_Directions for this task_. Return the lines of the material below exactly, beginning with the line that has "Sala de estar" in it and finishing with the line that has "Brown t-shirt featuring" in it. Leave all pictures aside.
>>>
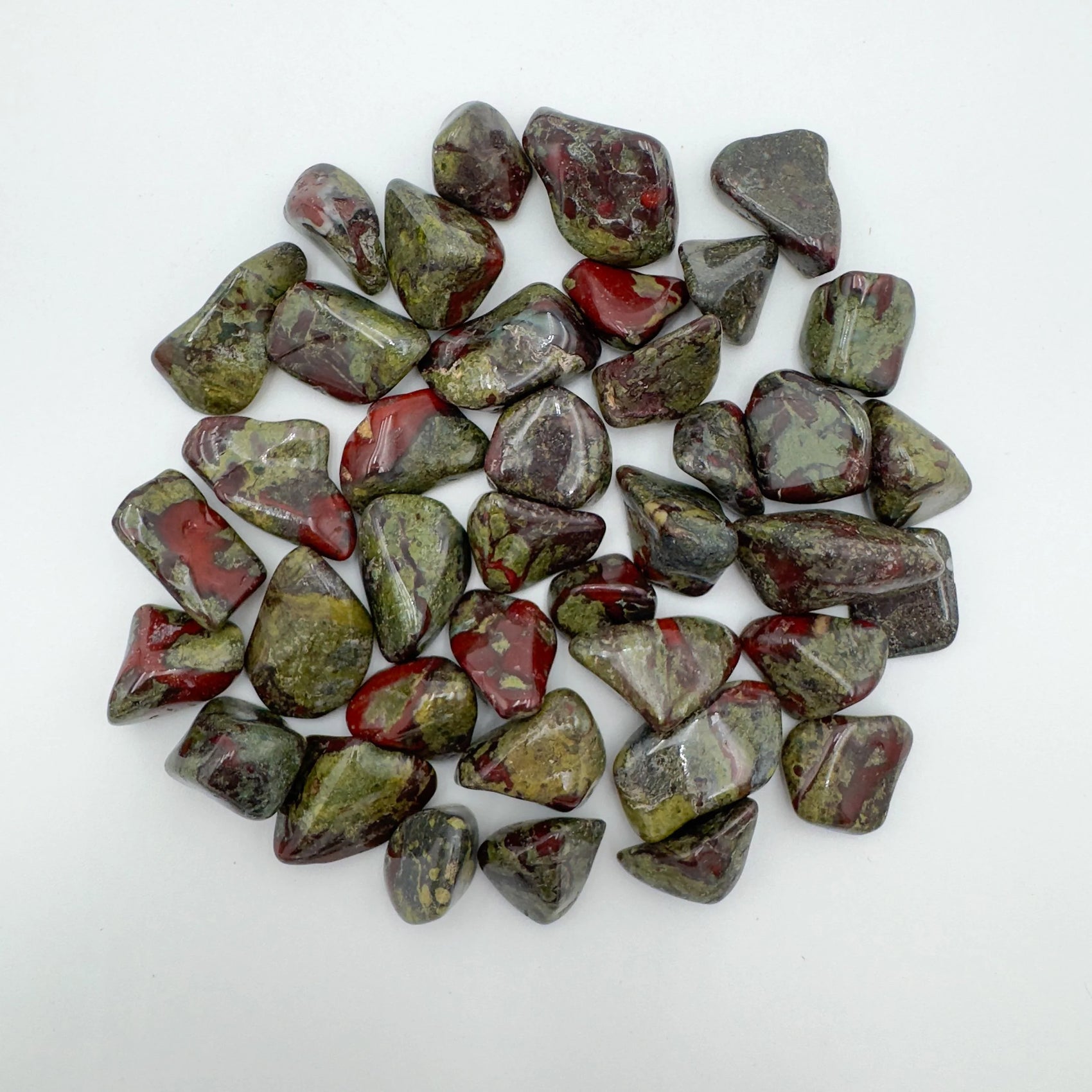 Close-up of Dragon Bloodstone tumbled stone from South Africa, soothing wellness stone for Energy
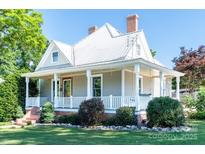 Charming home showcasing a inviting front porch, landscaped yard, and architectural details under a clear blue sky at 328 E Center Ave, Mooresville, NC 28115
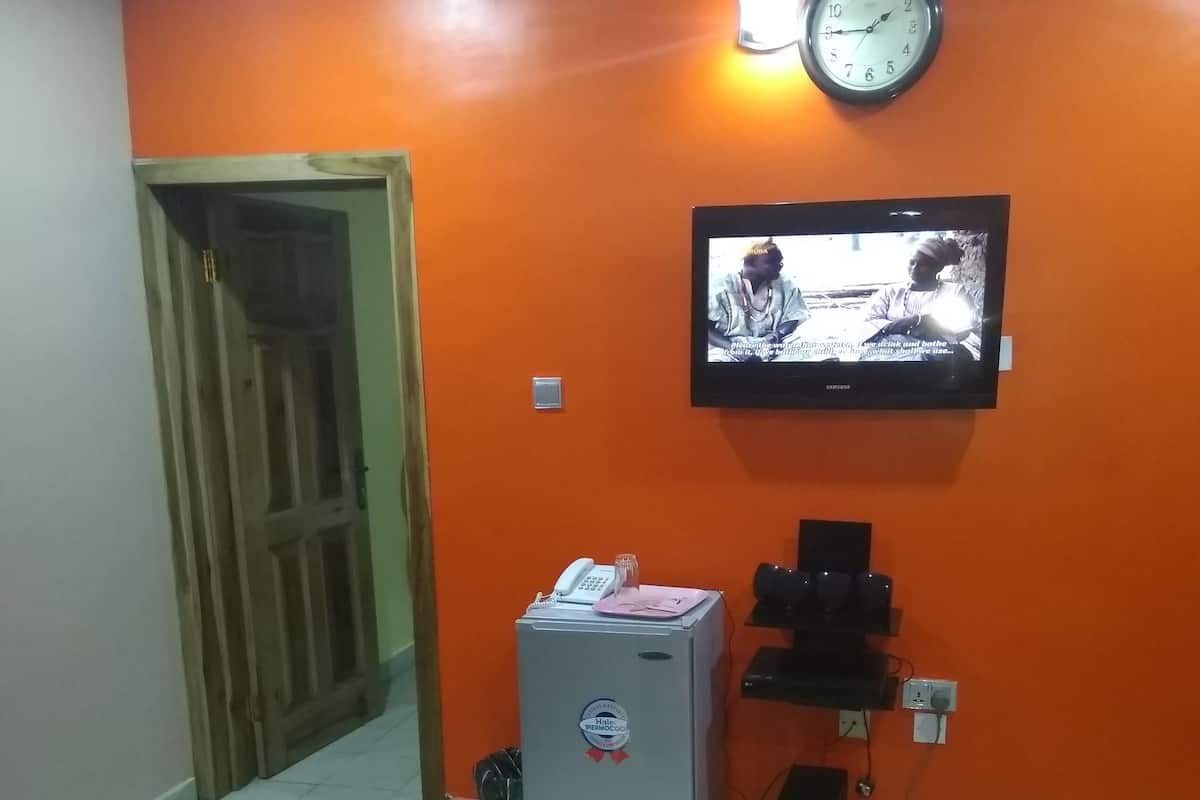 Sala de estar com parede laranja, relógio, televisão, geladeira, máquina de café e mesa com documentos.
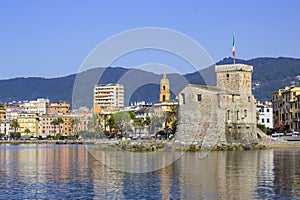 Italian castles on sea italian flag - castle of Rapallo , Liguria Genoa Tigullio gulf near Portofino Italy .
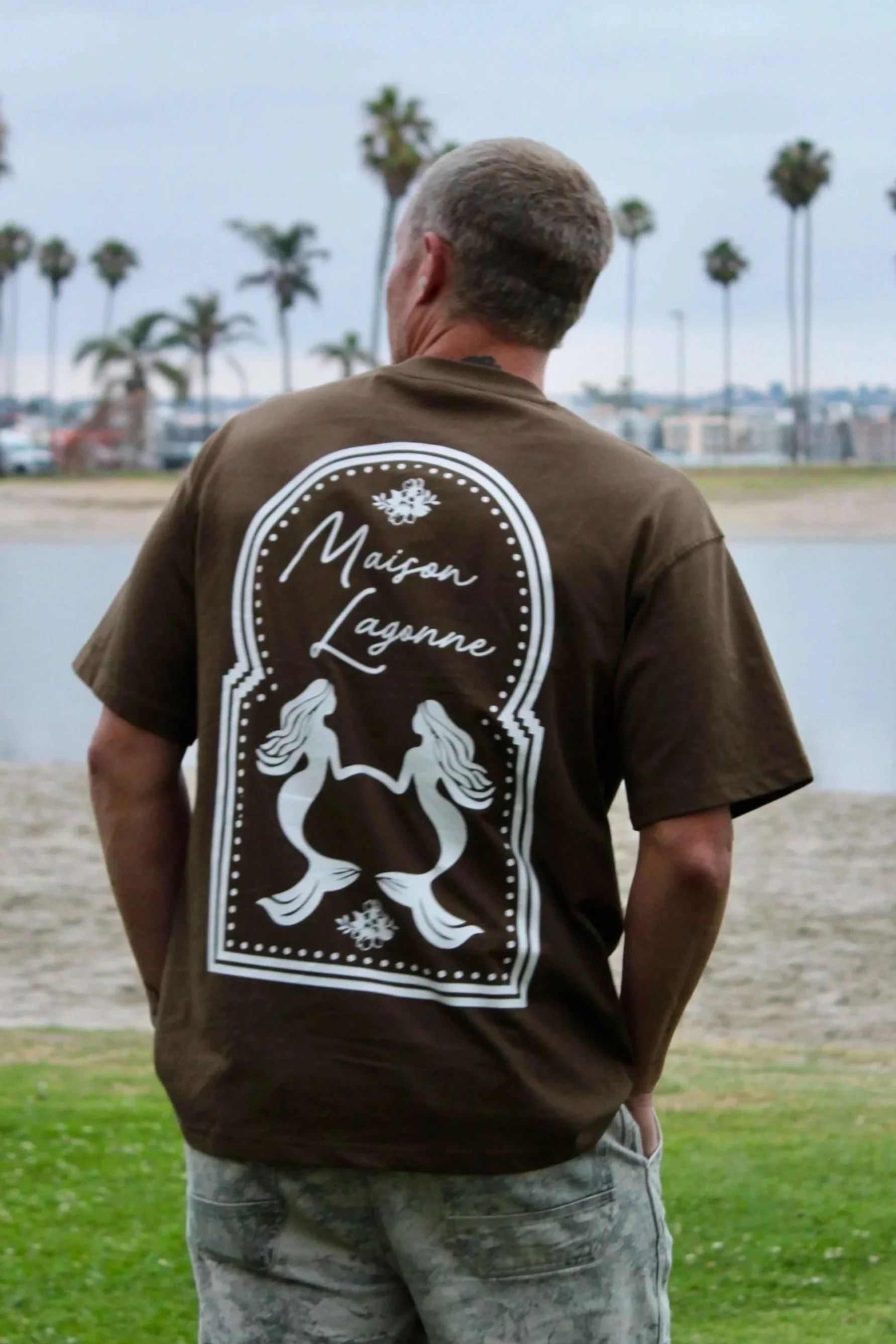 Brown t-shirt featuring the Maison Lagonne twin mermaid logo worn by the water.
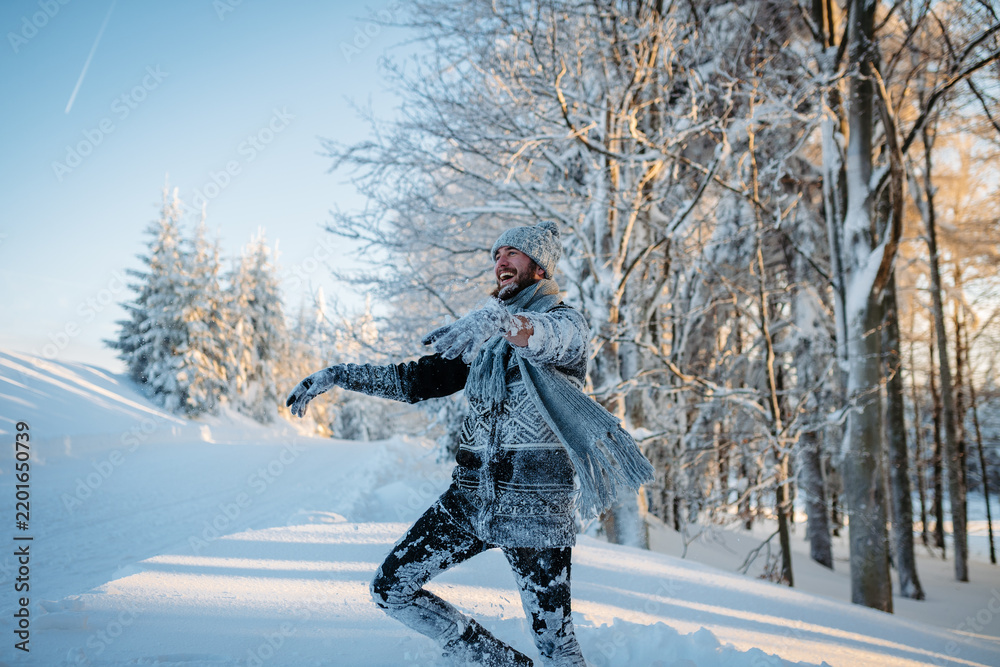 Obraz premium Playful man covered in snow enjoying winter fun in snowy woodland.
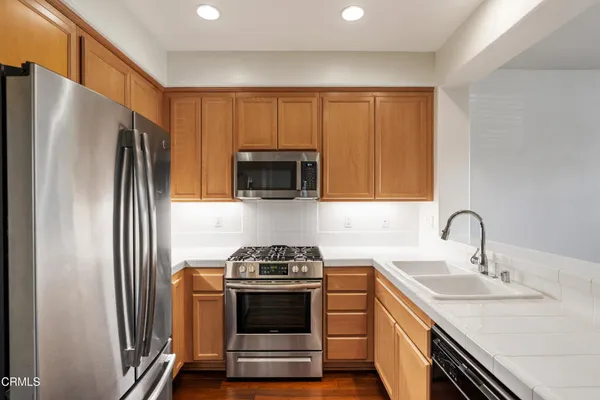 a kitchen with a sink stove and microwave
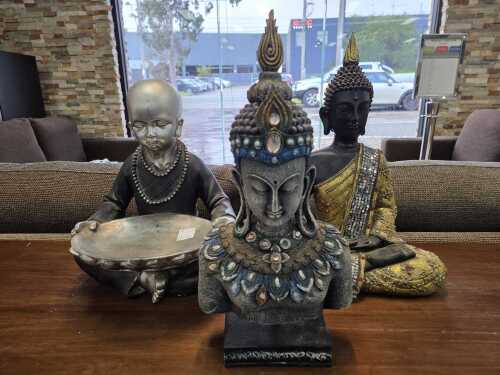 32 · Three decorative Buddha figures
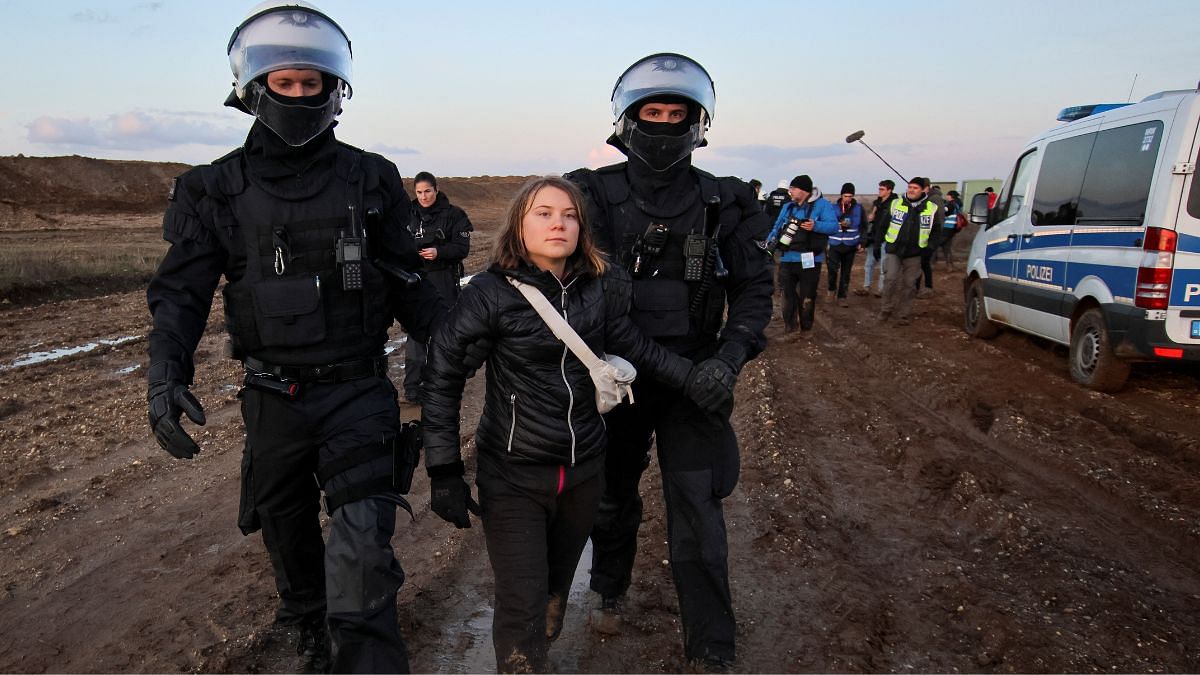 Police officers detain climate activist Greta Thunberg on the day of a protest against the expansion of the Garzweiler open-cast lignite mine of Germany's utility RWE to Luetzerath, in Germany, 17 January, 2023 | Reuters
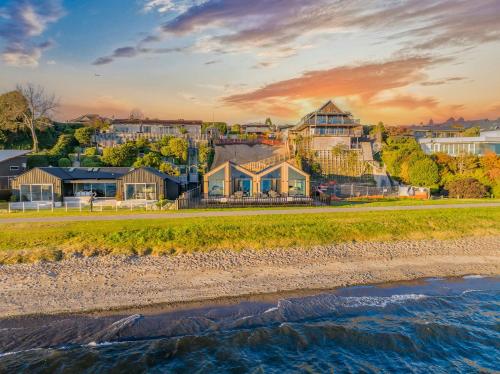 a view of a resort from the beach at sunset at Absolute Lakefront House in Taupo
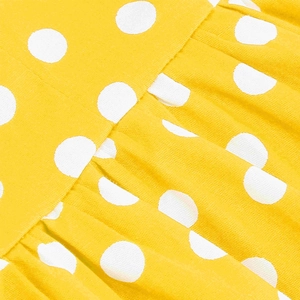Dettaglio del tessuto giallo a pois con cuciture a pieghe per abito vintage
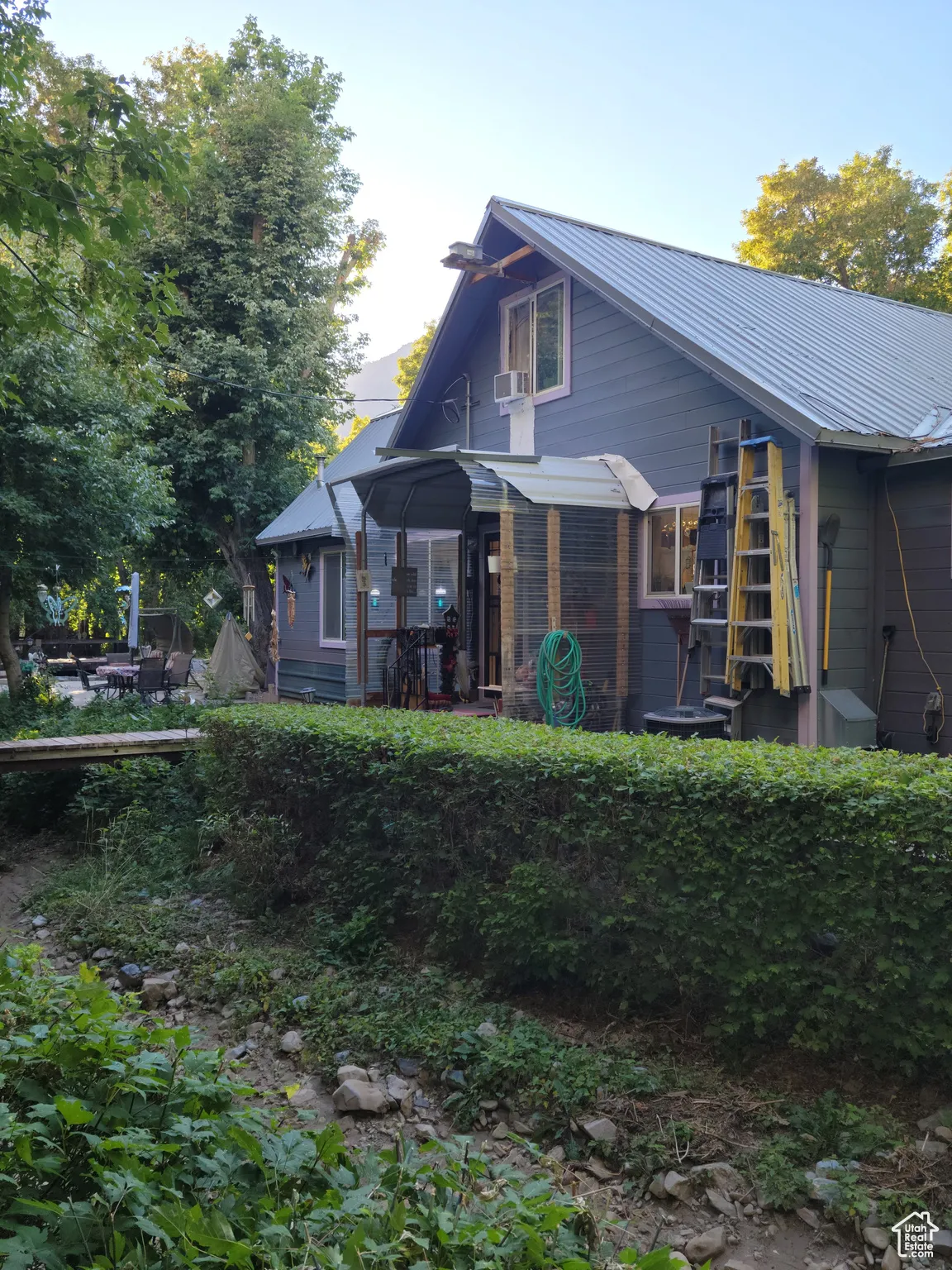Rear view of property with metal roof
<<<
_Answer to this task_.
 Sala de estar com parede laranja, relógio, televisão, geladeira, máquina de café e mesa com documentos.
 Italian castles on sea italian flag - castle of Rapallo , Liguria Genoa Tigullio gulf near Portofino Italy .
 Brown t-shirt featuring the Maison Lagonne twin mermaid logo worn by the water.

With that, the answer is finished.